All circles have the same shape, so they are similar. All squares have equal angles and proportional sides, so they are similar. All equilateral triangles have angles $60^\circ,60^\circ,60^\circ$, so they are similar. Similar polygons must have equal corresponding angles and proportional corresponding sides.

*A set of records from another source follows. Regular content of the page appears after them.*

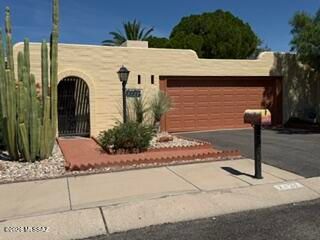 7127 E  Calle Arturo, Tucson, AZ 85710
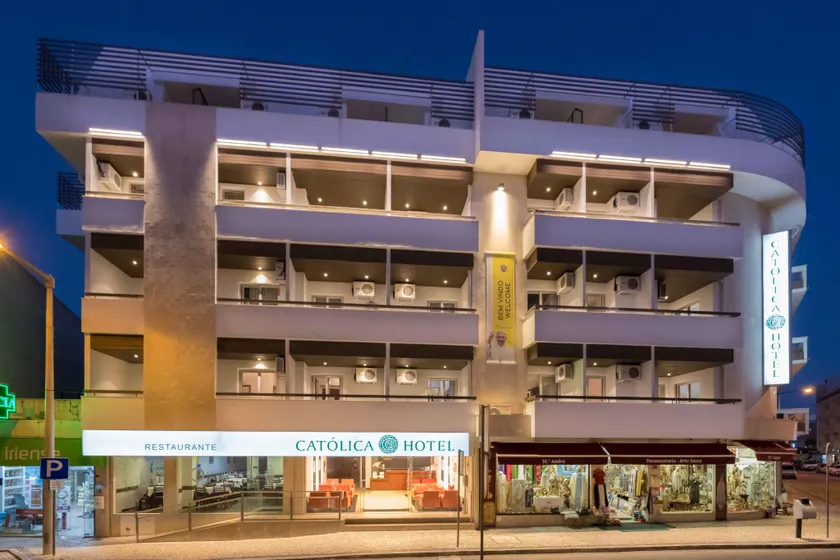 Catolica Hotel - Image 1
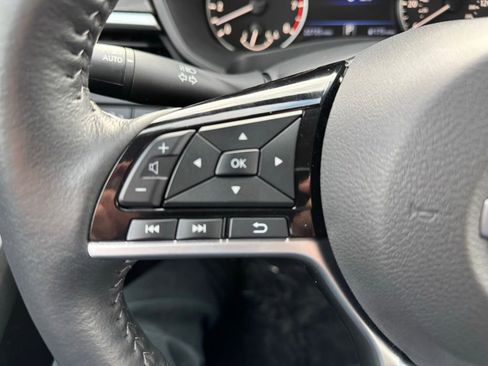 Used 2023 Nissan Altima 2.5 SL image 19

Similar figures have the same shape, though their sizes may differ. Circles have one common shape, and squares have one common shape. A circle and a square, or a triangle and a square, do not have the same shape.

Although their corresponding sides can be taken in the ratio $1.5:3 = 1:2$, their corresponding angles are not equal. ABCD is a square with each angle $90^\circ$, while PQRS is not a square. Therefore the quadrilaterals are not similar.

Since $DE \parallel BC$, by the Basic Proportionality Theorem, $\dfrac{AD}{DB}=\dfrac{AE}{EC}$. In (i), $\dfrac{1.5}{3}=\dfrac{1}{EC}$, so $EC=2$ cm. In (ii), $\dfrac{AD}{7.2}=\dfrac{1.8}{5.4}=\dfrac{1}{3}$, so $AD=2.4$ cm.

By the converse of the Basic Proportionality Theorem, $EF \parallel QR$ if $\dfrac{PE}{EQ}=\dfrac{PF}{FR}$. In (i), $\dfrac{3.9}{3}=1.3$ but $\dfrac{3.6}{2.4}=1.5$, so not parallel. In (ii), $\dfrac{4}{4.5}=\dfrac{8}{9}$ and $\dfrac{8}{9}=\dfrac{8}{9}$, so parallel. In (iii), $EQ=1.28-0.18=1.10$ and $FR=2.56-0.36=2.20$, so $\dfrac{PE}{EQ}=\dfrac{0.18}{1.10}=\dfrac{9}{55}$ and $\dfrac{PF}{FR}=\dfrac{0.36}{2.20}=\dfrac{9}{55}$; hence parallel.

In $\triangle ABC$, $LM \parallel CB$, so by BPT, $\dfrac{AM}{AB}=\dfrac{AL}{AC}$. In $\triangle ACD$, $LN \parallel CD$, so $\dfrac{AN}{AD}=\dfrac{AL}{AC}$. Therefore $\dfrac{AM}{AB}=\dfrac{AN}{AD}$.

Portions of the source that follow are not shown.